Quick start (Python)

# Swap the import—everything else stays the same.
from sparkless.sql import SparkSession, functions as F

spark = SparkSession.builder.app_name("demo").get_or_create()
df = spark.createDataFrame([{"x": 1}, {"x": 2}])
df.filter(F.col("x") > 1).show()

Install from PyPI:

pip install "sparkless>=4,<5"

More Python docs (SQL/temp views, Delta, JDBC, testing plugin): see python/README.md.


Why Sparkless (Python)?

  • Familiar APISparkSession, DataFrame, Column, and PySpark-like functions so you can reuse patterns without the JVM.
  • Fast local execution — Runs natively (no JVM) and uses Polars for IO, expressions, and aggregations.
  • Test the same suite two ways — Use sparkless.testing to run tests with Sparkless (fast) or real PySpark (parity checks).
  • Optional “Spark-like” features — SQL, temp/global temp views, saveAsTable, Delta, and JDBC (see python/README.md).

Features (Python surface)

Area What’s included
Core SparkSession, DataFrame, Column, functions
IO CSV, Parquet, JSON, Delta
Expressions col, lit, when/otherwise, casts, null handling
Aggregates count, sum, avg, min, max, groupBy().agg()
Window row_number, rank, dense_rank, lag, lead, first_value, last_value via .over()
Arrays, strings, JSON Common PySpark functions (explode, regexp_*, get_json_object, from_json, to_json, …)
SQL + views spark.sql, temp/global temp views, saveAsTable, catalog().listTables()
JDBC Read/write via spark.read.jdbc(...) / df.write.jdbc(...)

Parity: 200+ fixtures validated against PySpark.

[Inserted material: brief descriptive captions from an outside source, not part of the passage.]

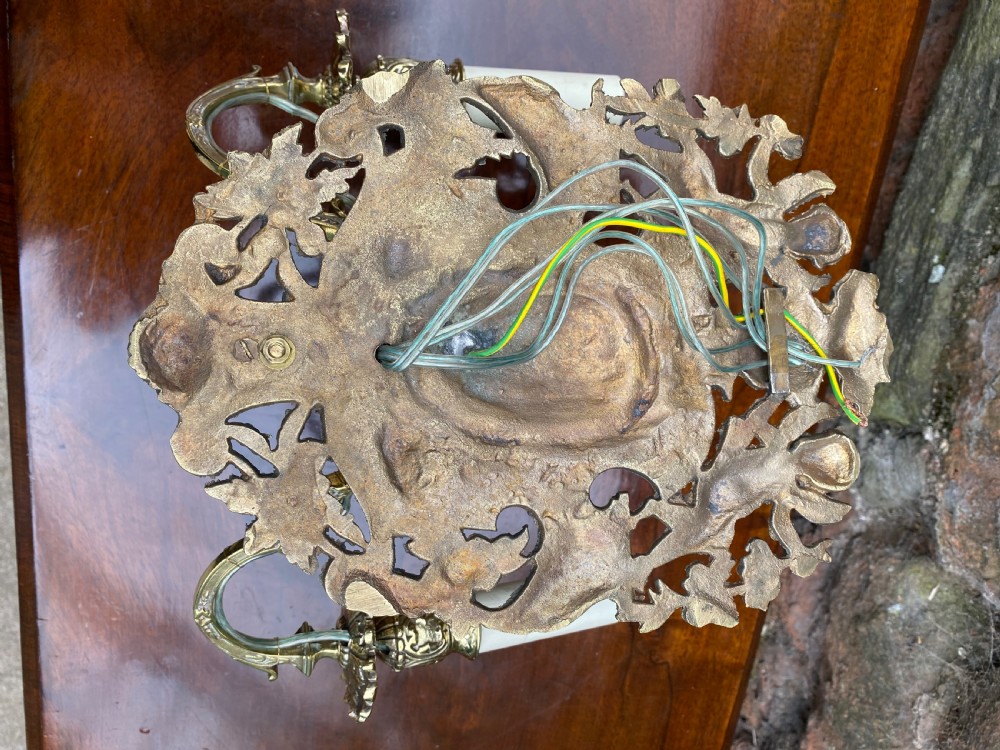 A three armed brass wall light  View VII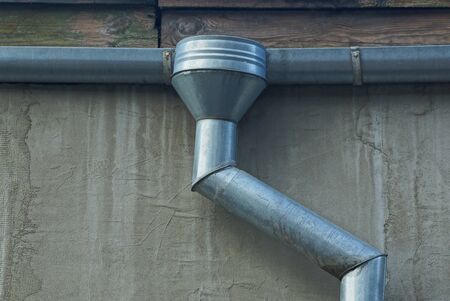gray metal pipes of a drain on a concrete wall of a building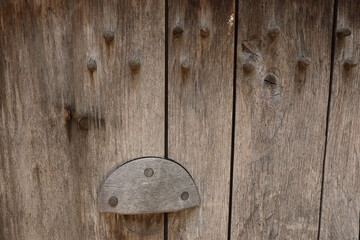 A close-up of an old wooden door and its door handle
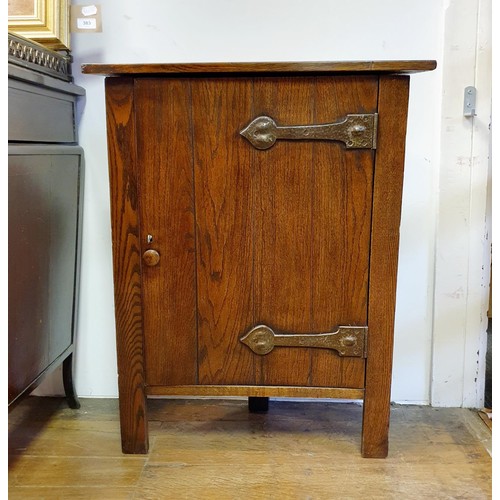 37 - An Arts and Crafts smokers oak corner cabinet, having a pair of wrought iron hinges, 53 cm high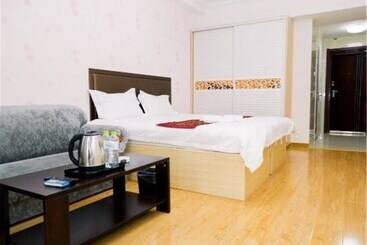 酒店 Weihai Dushang Huayi Apartment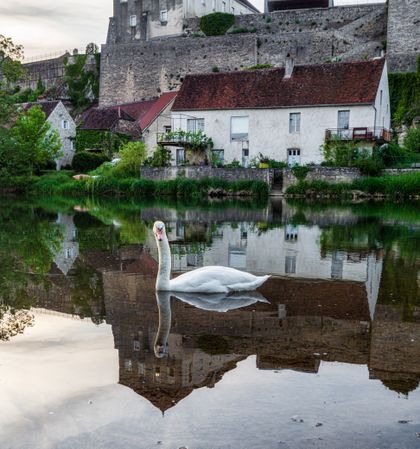 The medieval walled city of Pesmes in Burgundy. Reflection in the river at sunset.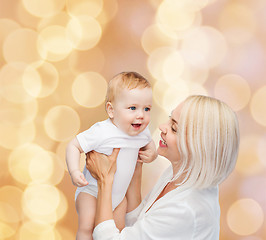 Image showing happy mother with smiling baby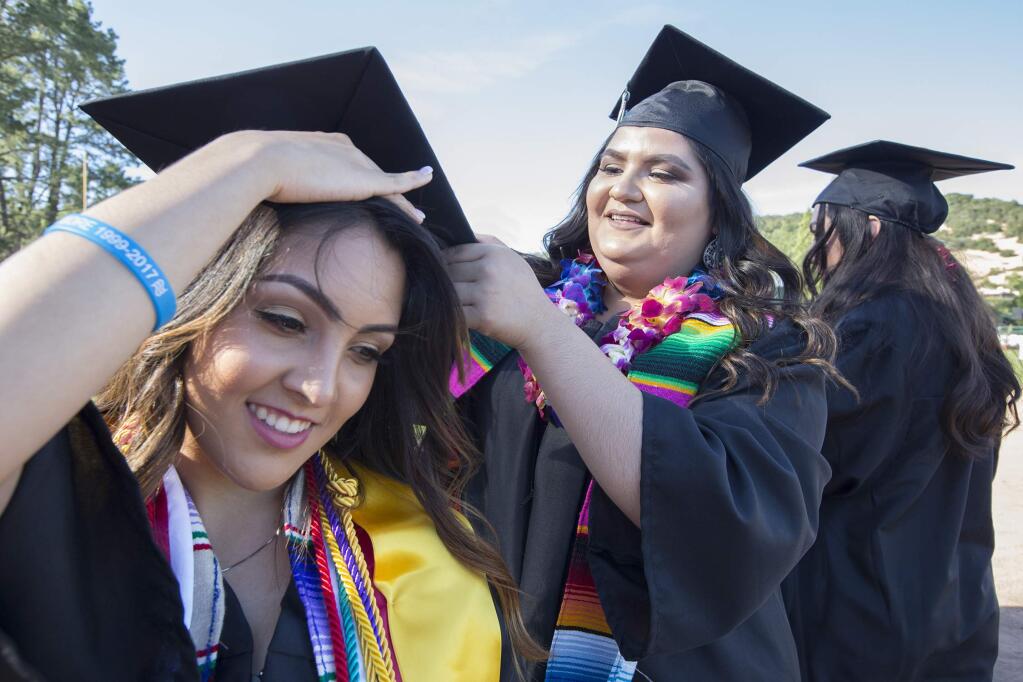 Ariana Lopez, 17, gets some help adjusting her cap from Alexandra Rodriguez, 17. Sonoma Valley High School's 2017 graduation ceremony took place on Friday, June 2, at Arnold Field. (Photo by Robbi Pengelly/Index-Tribune)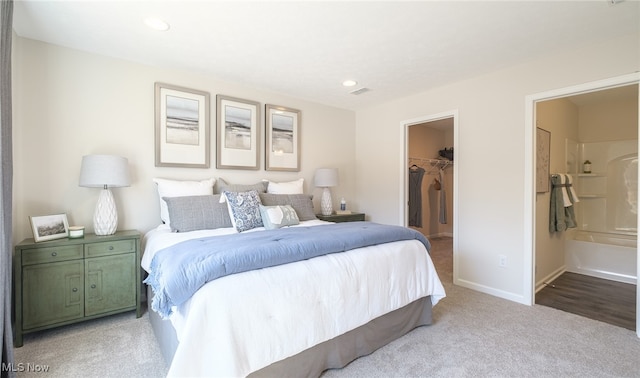424 Honeycrisp Dr NE, Louisville, OH 44641 - bedroom featuring a walk in closet, carpet floors, a closet, baseboards, and recessed lighting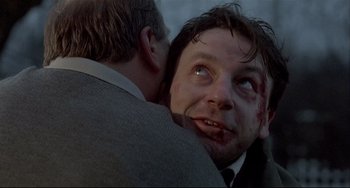 Movie still from “Three Colors: White” (1994), directed by Krzysztof Kieslowski – Close Up shot, Low angle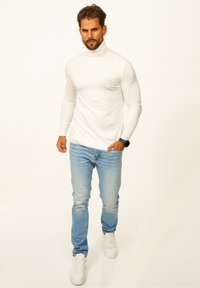 Weißer figurbetonter Rollkragenpullover, hellblaue Jeans und weiße Sneaker. Das Outfit wird durch eine schwarze Armbanduhr abgerundet.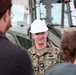 A U.S. Navy officer wearing NWU (Navy Working Uniform) camouflage and a white hard hat is speaking to a small group of civilians or personnel in the foreground. The officer displays rank insignia consistent with a Lieutenant (O-3) and a warfare qualification badge on the uniform. The setting appears to be an outdoor construction or equipment site, with large military or heavy machinery visible in the background.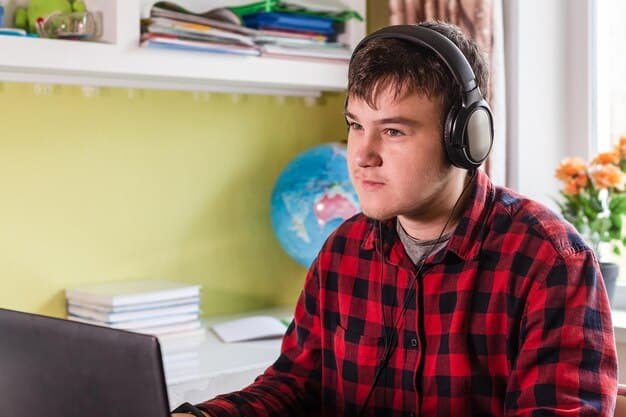 A student wearing headphones is attentively listening to an online lecture on their laptop, with a notebook nearby for taking notes. The setting is a quiet study area, emphasizing concentration and the importance of auditory learning strategies.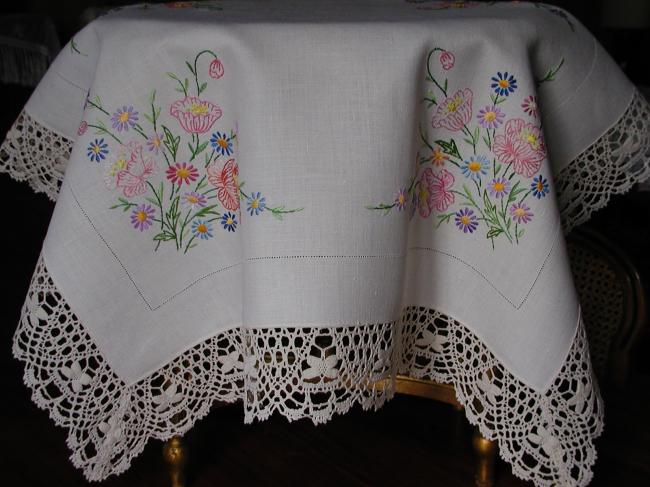 Stunning tablecloth with  embroidered flowers and Cluny lace.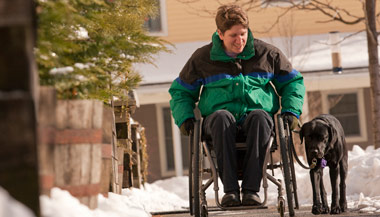 Person in a wheelchair walking their dog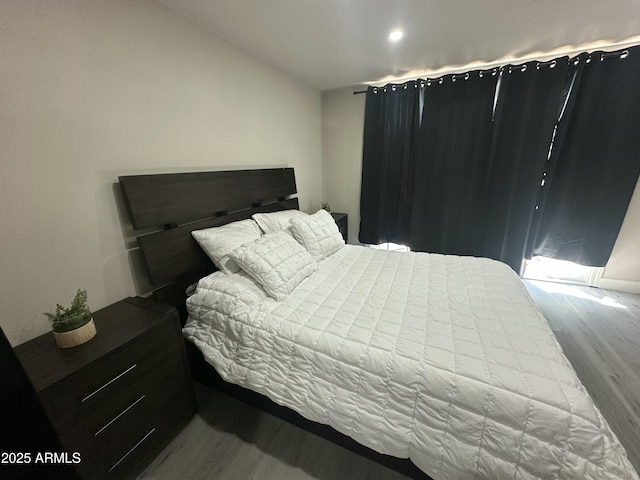 bedroom with lofted ceiling and wood finished floors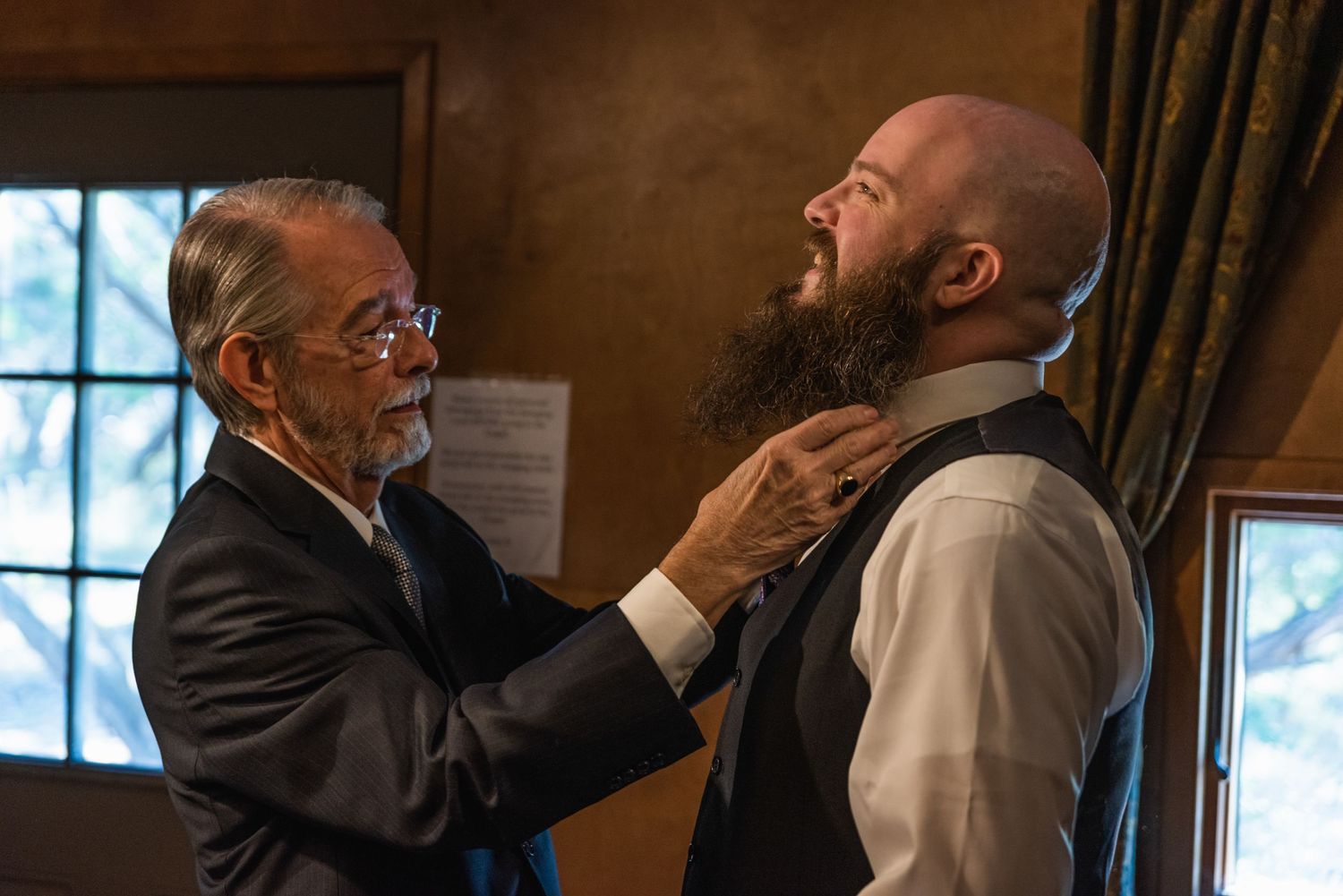Someone helps adjust another person's tie in a wood-paneled room.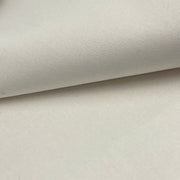 Closeup of a polyester/cotton broadcloth fabric in a stark white color
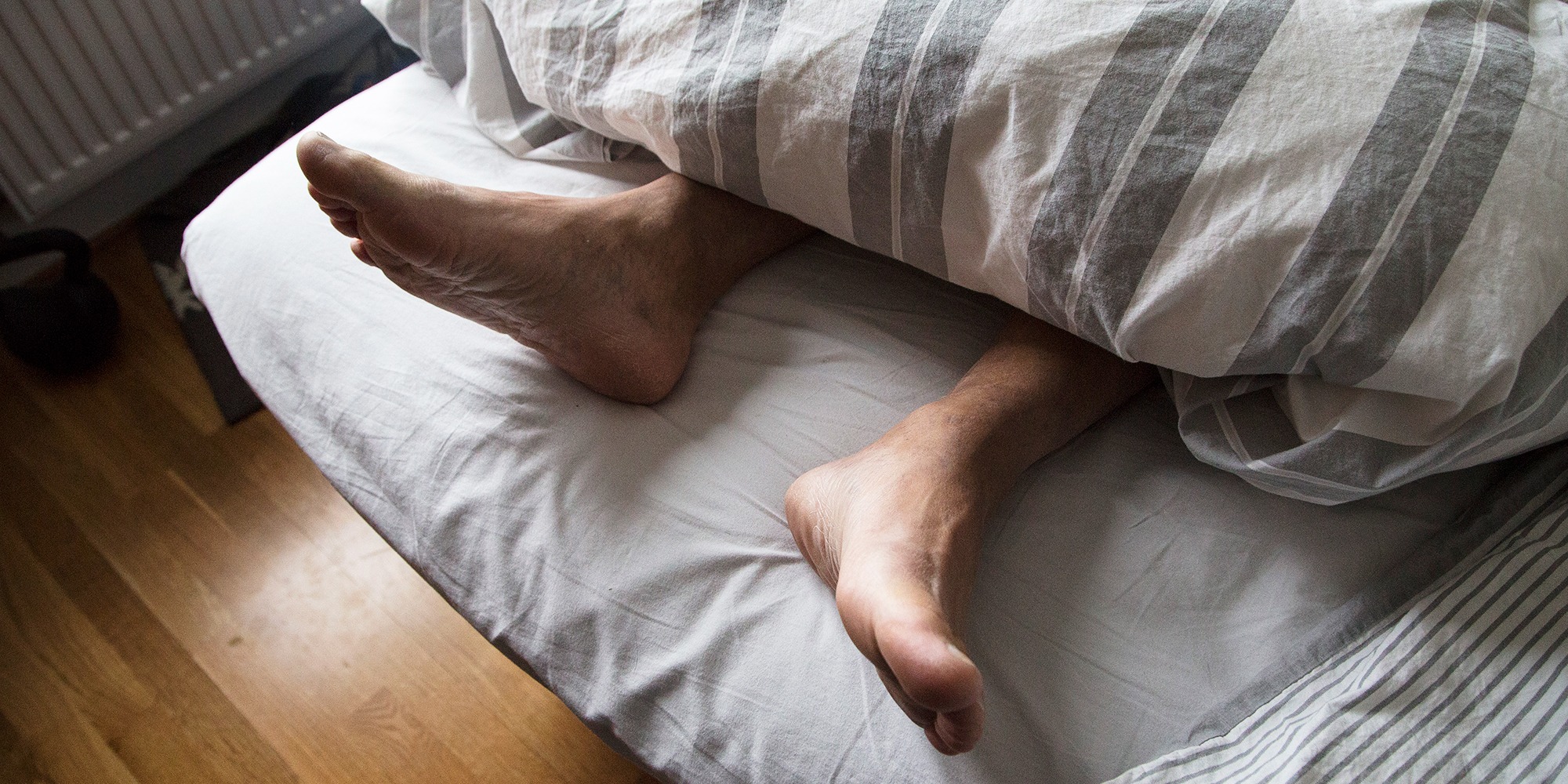 två fötter sticker ut under ett täcke vid fotändan av en säng.
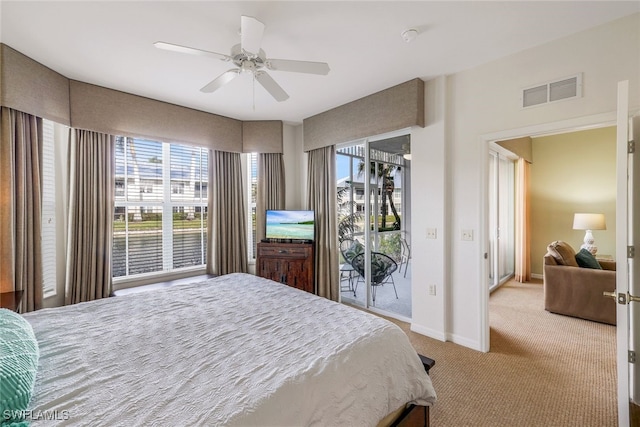 carpeted bedroom with ceiling fan and access to exterior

Known differences: docs/PYSPARK_DIFFERENCES.md. Full parity status: docs/PARITY_STATUS.md. Out-of-scope items: docs/DEFERRED_SCOPE.md.


Installation

Python (sparkless v4)

Install from PyPI:

pip install "sparkless>=4,<5"

Or from this repo:

pip install ./python

See python/README.md for usage and development (including maturin develop).

Rust engine (optional)

Most users should use the Python package above. If you want to embed the engine directly in Rust, depend on robin-sparkless.

Add to your Cargo.toml:

[dependencies]
robin-sparkless = "4"

Optional features:

robin-sparkless = { version = "4", features = ["sql"] }      # spark.sql(), temp views
robin-sparkless = { version = "4", features = ["delta"] }    # Delta Lake read/write
robin-sparkless = { version = "4", features = ["jdbc"] }     # PostgreSQL JDBC
robin-sparkless = { version = "4", features = ["sqlite"] }   # SQLite JDBC
robin-sparkless = { version = "4", features = ["jdbc_mysql"] } # MySQL/MariaDB JDBC

Development

If you’re working on the Python package, start in python/README.md (it covers maturin develop, pytest, and dual-mode testing).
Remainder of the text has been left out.